--- Provided records ---

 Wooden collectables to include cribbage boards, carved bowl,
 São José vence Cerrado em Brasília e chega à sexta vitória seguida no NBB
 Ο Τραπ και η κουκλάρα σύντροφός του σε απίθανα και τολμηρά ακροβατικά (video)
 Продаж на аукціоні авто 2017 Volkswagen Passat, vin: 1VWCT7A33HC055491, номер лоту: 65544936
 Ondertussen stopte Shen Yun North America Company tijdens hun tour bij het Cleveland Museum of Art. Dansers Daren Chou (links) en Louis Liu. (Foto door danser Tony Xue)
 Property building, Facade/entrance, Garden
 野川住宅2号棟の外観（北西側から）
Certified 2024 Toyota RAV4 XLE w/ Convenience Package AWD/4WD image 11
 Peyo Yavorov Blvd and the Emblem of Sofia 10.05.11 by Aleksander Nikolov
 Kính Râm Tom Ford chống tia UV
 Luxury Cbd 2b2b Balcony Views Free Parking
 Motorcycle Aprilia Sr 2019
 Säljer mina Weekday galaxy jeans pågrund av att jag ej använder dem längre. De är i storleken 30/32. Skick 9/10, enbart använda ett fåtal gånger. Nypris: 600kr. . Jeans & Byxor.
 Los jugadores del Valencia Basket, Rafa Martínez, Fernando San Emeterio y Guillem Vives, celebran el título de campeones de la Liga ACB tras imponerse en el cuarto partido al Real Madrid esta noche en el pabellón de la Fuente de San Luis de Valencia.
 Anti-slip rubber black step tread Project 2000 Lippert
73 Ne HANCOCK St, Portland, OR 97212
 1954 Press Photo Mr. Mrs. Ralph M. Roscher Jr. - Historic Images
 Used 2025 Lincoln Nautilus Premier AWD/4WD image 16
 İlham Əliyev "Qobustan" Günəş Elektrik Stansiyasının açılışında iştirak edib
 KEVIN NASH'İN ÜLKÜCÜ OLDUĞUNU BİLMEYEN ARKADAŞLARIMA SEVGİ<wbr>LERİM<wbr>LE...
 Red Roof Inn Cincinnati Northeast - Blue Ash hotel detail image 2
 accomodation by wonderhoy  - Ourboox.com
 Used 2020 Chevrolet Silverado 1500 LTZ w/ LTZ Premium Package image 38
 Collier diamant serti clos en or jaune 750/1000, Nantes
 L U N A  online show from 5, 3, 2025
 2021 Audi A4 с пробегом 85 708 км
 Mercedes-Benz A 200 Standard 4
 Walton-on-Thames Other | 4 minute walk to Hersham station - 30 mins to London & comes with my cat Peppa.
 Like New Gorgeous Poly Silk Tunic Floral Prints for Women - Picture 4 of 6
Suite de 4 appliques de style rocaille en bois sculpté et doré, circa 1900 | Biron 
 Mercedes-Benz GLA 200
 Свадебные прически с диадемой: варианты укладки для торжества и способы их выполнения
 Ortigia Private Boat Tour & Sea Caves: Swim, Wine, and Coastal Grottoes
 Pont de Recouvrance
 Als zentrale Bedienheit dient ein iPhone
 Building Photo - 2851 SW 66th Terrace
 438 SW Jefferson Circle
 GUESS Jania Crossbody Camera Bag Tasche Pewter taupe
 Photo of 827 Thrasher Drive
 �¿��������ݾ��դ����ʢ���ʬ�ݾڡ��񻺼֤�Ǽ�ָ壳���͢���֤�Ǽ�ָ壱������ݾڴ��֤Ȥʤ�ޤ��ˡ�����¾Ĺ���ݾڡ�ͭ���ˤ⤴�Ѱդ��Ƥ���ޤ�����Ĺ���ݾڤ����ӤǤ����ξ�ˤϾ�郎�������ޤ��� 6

---

# What you are asked to do
Repeat the material word for word, with no line missing.

# Worked solution
 Wooden collectables to include cribbage boards, carved bowl,
 São José vence Cerrado em Brasília e chega à sexta vitória seguida no NBB
 Ο Τραπ και η κουκλάρα σύντροφός του σε απίθανα και τολμηρά ακροβατικά (video)
 Продаж на аукціоні авто 2017 Volkswagen Passat, vin: 1VWCT7A33HC055491, номер лоту: 65544936
 Ondertussen stopte Shen Yun North America Company tijdens hun tour bij het Cleveland Museum of Art. Dansers Daren Chou (links) en Louis Liu. (Foto door danser Tony Xue)
 Property building, Facade/entrance, Garden
 野川住宅2号棟の外観（北西側から）
Certified 2024 Toyota RAV4 XLE w/ Convenience Package AWD/4WD image 11
 Peyo Yavorov Blvd and the Emblem of Sofia 10.05.11 by Aleksander Nikolov
 Kính Râm Tom Ford chống tia UV
 Luxury Cbd 2b2b Balcony Views Free Parking
 Motorcycle Aprilia Sr 2019
 Säljer mina Weekday galaxy jeans pågrund av att jag ej använder dem längre. De är i storleken 30/32. Skick 9/10, enbart använda ett fåtal gånger. Nypris: 600kr. . Jeans & Byxor.
 Los jugadores del Valencia Basket, Rafa Martínez, Fernando San Emeterio y Guillem Vives, celebran el título de campeones de la Liga ACB tras imponerse en el cuarto partido al Real Madrid esta noche en el pabellón de la Fuente de San Luis de Valencia.
 Anti-slip rubber black step tread Project 2000 Lippert
73 Ne HANCOCK St, Portland, OR 97212
 1954 Press Photo Mr. Mrs. Ralph M. Roscher Jr. - Historic Images
 Used 2025 Lincoln Nautilus Premier AWD/4WD image 16
 İlham Əliyev "Qobustan" Günəş Elektrik Stansiyasının açılışında iştirak edib
 KEVIN NASH'İN ÜLKÜCÜ OLDUĞUNU BİLMEYEN ARKADAŞLARIMA SEVGİ<wbr>LERİM<wbr>LE...
 Red Roof Inn Cincinnati Northeast - Blue Ash hotel detail image 2
 accomodation by wonderhoy  - Ourboox.com
 Used 2020 Chevrolet Silverado 1500 LTZ w/ LTZ Premium Package image 38
 Collier diamant serti clos en or jaune 750/1000, Nantes
 L U N A  online show from 5, 3, 2025
 2021 Audi A4 с пробегом 85 708 км
 Mercedes-Benz A 200 Standard 4
 Walton-on-Thames Other | 4 minute walk to Hersham station - 30 mins to London & comes with my cat Peppa.
 Like New Gorgeous Poly Silk Tunic Floral Prints for Women - Picture 4 of 6
Suite de 4 appliques de style rocaille en bois sculpté et doré, circa 1900 | Biron 
 Mercedes-Benz GLA 200
 Свадебные прически с диадемой: варианты укладки для торжества и способы их выполнения
 Ortigia Private Boat Tour & Sea Caves: Swim, Wine, and Coastal Grottoes
 Pont de Recouvrance
 Als zentrale Bedienheit dient ein iPhone
 Building Photo - 2851 SW 66th Terrace
 438 SW Jefferson Circle
 GUESS Jania Crossbody Camera Bag Tasche Pewter taupe
 Photo of 827 Thrasher Drive
 �¿��������ݾ��դ����ʢ���ʬ�ݾڡ��񻺼֤�Ǽ�ָ壳���͢���֤�Ǽ�ָ壱������ݾڴ��֤Ȥʤ�ޤ��ˡ�����¾Ĺ���ݾڡ�ͭ���ˤ⤴�Ѱդ��Ƥ���ޤ�����Ĺ���ݾڤ����ӤǤ����ξ�ˤϾ�郎�������ޤ��� 6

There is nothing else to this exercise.